I am trying to use the tensorflow LSTM model to make next word predictions.
As described in this related question (which has no accepted answer) the example contains
I am implementing seq2seq model too.
So lets me try to explain with my understanding:
The outputs of your LSTM model is a list (with length num_steps) of 2D tensor of size [batch_size, size].
The code line:
output = tf.reshape(tf.concat(1, outputs), [-1, size])

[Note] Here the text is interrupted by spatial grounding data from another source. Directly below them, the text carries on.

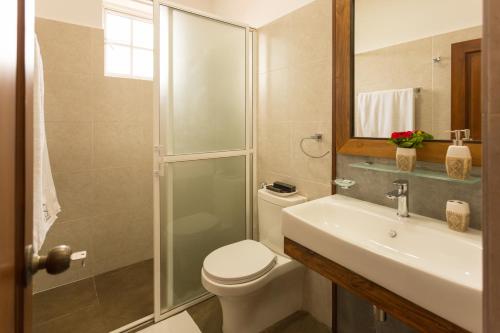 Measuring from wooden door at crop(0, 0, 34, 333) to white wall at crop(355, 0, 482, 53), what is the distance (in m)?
1.42

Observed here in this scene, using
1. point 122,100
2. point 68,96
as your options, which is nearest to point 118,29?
point 122,100

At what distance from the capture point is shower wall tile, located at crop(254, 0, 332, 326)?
1.66m

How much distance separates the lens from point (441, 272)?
31.0 inches

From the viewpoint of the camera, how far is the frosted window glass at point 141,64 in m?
2.47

will produce a new output which is a 2D tensor of size [batch_size x num_steps, size].
For your case, batch_size = 1 and num_steps = 20 --> output shape is [20, size].
Code line:
logits = tf.nn.xw_plus_b(output, tf.get_variable("softmax_w", [size, vocab_size]), tf.get_variable("softmax_b", [vocab_size]))
<=> output[batch_size x num_steps, size] x softmax_w[size, vocab_size] will output logits of size [batch_size x num_steps, vocab_size].
For your case, logits of size [20, vocab_size]
--> probs tensor has same size as logits by [20, vocab_size].
Code line:
chosen_word = np.argmax(probs, 1)
will output chosen_word tensor of size [20, 1] with each value is the next prediction word index of current word.
Code line:
loss = seq2seq.sequence_loss_by_example([logits], [tf.reshape(self._targets, [-1])], [tf.ones([batch_size * num_steps])])
is to compute the softmax cross entropy loss for batch_size of sequences.